Obviously the assumptions are not realistic, and the mechanism through which the German inflation would be achieved is left out for the moment – it would be easier to achieve the higher level of German inflation if Germany would aim to improve domestic demand rather than exports.
But assumptions aside, the conclusion from this ‘sketch’ is clear: price convergence MUST happen and it is not going to happen anytime soon. One can wonder about the resilience of the eurosystem, like Paul Krugman does:
This need not lead to a breakup of the euro: Pessimists on that front, me very much included, misjudged the strength of European elites’ commitment to the project. But the euro might yet survive — and be a continuing disaster.
But even given this, 6-11 years of continuous deflation (not to mention the risk that Germany itself would slip into deflation) just is VERY long, especially in politics. And the more need for deflation, the more unemployment. Which is simply not politically tenable.
Finland at the moment does not have very low inflation, but it does have a large problem with unemployment – there is a huge gap between those seeking work and the number of vacancies: the number of those seeking work was (curve (1) in the document in the link, in January 2014) still rising and the number of open vacancies ( curve (2))has been fairly stable since 2008. Regardless of these numbers, the current Finnish government (of 6 parties, led by the National Coalition Party and the Social Democratic Party) still intends to do everything to increase the labour supply. It is no surprise that the (only two!) opposition parties in parliament, the ‘agrarian conservative’ Center Party and the True Finn party have been rising in polls (even though these concern the EP elections, not domestic elections; there the picture is slightly different).

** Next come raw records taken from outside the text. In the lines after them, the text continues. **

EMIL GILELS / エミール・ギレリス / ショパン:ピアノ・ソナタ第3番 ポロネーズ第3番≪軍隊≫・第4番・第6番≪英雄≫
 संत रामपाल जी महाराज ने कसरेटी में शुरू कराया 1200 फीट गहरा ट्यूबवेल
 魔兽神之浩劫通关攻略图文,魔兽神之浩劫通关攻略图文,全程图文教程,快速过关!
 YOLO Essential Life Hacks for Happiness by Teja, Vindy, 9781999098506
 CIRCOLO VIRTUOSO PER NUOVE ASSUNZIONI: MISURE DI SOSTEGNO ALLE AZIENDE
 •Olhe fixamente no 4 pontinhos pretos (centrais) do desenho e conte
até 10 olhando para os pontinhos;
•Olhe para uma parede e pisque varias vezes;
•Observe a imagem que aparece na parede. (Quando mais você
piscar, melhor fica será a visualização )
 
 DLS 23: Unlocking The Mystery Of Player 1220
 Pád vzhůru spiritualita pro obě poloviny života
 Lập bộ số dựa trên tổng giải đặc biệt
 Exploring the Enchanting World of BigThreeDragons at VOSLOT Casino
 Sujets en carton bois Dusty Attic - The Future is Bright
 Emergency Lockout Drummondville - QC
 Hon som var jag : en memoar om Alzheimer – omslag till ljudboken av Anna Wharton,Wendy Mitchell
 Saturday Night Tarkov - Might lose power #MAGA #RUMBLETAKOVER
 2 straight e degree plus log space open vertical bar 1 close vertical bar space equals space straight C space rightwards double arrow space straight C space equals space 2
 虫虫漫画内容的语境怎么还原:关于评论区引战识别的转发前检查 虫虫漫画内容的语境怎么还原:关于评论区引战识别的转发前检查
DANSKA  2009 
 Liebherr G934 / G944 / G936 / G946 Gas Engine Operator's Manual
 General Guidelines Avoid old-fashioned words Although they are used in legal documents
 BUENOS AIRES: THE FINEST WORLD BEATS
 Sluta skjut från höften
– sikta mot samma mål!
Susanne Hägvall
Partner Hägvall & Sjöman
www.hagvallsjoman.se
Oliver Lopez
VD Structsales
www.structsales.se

But regardless of the polls, the political field in Finland is extremely in consensus about the need to ‘break’ the increasing public debt (not even 60% of GDP) and implement measures to increase the labour supply. The goverment has even asked for a ‘national consensus’ on this issue – the ‘need’ for reforms and budget cuts will one way or another lead to increases in the labour supply, which is not necessarily (sic) a good thing at the moment.
The interesting thing is that seen from the macro-economic imbalances picture (current account surpluses etc) Finland has reduced its surplus, which is ‘good’ in terms of convergence. But politics in Finland are absolutely hyper about this fact and want to restore the surplus. This is perhaps one very clear example that Finnish politicians don’t really understand the nature of the eurocrisis. Which thus also means they won’t find the proper solutions.